(Material to process Opens)
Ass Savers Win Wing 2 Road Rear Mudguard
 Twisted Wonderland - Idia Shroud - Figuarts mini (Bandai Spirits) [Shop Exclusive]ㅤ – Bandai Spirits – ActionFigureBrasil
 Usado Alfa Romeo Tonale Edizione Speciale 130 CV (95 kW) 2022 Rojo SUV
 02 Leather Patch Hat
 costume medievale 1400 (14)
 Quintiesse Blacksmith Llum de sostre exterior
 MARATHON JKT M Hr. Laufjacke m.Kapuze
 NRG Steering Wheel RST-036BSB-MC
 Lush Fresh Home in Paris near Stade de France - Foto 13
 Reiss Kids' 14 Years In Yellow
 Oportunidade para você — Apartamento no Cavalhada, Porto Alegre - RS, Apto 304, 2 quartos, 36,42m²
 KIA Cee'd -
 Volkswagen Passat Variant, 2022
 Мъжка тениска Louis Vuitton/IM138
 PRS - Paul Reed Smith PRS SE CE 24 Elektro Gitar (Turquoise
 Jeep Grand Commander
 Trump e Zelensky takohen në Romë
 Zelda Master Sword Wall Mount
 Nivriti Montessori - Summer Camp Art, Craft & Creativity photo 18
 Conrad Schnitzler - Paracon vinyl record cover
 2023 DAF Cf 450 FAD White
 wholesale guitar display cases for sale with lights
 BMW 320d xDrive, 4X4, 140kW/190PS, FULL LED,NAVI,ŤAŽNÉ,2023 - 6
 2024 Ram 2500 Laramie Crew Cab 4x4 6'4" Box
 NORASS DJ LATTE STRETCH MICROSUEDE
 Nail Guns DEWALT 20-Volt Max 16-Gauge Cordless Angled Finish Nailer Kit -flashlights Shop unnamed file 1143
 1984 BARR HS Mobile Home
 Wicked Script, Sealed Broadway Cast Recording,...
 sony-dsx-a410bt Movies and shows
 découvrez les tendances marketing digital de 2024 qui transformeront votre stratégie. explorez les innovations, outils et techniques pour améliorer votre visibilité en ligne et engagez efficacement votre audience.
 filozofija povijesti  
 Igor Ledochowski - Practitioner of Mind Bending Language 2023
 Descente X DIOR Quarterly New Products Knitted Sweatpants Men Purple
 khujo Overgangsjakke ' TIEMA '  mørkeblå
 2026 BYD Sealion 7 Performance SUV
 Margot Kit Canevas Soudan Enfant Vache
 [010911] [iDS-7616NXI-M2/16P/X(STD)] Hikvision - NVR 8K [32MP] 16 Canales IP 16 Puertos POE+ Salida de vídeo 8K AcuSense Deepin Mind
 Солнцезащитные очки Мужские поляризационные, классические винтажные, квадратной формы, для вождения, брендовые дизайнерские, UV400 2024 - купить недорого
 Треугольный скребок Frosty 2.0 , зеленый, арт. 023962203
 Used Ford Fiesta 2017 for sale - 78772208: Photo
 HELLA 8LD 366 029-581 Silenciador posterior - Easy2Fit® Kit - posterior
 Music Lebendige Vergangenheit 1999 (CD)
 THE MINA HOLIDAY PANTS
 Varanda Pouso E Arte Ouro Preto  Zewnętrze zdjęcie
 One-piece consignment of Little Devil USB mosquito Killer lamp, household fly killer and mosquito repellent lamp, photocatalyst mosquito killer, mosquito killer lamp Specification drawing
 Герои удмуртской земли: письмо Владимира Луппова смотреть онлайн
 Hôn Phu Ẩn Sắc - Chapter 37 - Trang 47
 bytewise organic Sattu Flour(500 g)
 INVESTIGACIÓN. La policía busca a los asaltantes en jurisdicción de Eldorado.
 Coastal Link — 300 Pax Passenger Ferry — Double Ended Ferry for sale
(Material to process Closes)
* [Exercise instructions]
Reproduce the material above exactly, beginning at its first line and ending with the line that holds "2023 DAF Cf 450 FAD White". Include nothing else.

* [The completed task]
Ass Savers Win Wing 2 Road Rear Mudguard
 Twisted Wonderland - Idia Shroud - Figuarts mini (Bandai Spirits) [Shop Exclusive]ㅤ – Bandai Spirits – ActionFigureBrasil
 Usado Alfa Romeo Tonale Edizione Speciale 130 CV (95 kW) 2022 Rojo SUV
 02 Leather Patch Hat
 costume medievale 1400 (14)
 Quintiesse Blacksmith Llum de sostre exterior
 MARATHON JKT M Hr. Laufjacke m.Kapuze
 NRG Steering Wheel RST-036BSB-MC
 Lush Fresh Home in Paris near Stade de France - Foto 13
 Reiss Kids' 14 Years In Yellow
 Oportunidade para você — Apartamento no Cavalhada, Porto Alegre - RS, Apto 304, 2 quartos, 36,42m²
 KIA Cee'd -
 Volkswagen Passat Variant, 2022
 Мъжка тениска Louis Vuitton/IM138
 PRS - Paul Reed Smith PRS SE CE 24 Elektro Gitar (Turquoise
 Jeep Grand Commander
 Trump e Zelensky takohen në Romë
 Zelda Master Sword Wall Mount
 Nivriti Montessori - Summer Camp Art, Craft & Creativity photo 18
 Conrad Schnitzler - Paracon vinyl record cover
 2023 DAF Cf 450 FAD White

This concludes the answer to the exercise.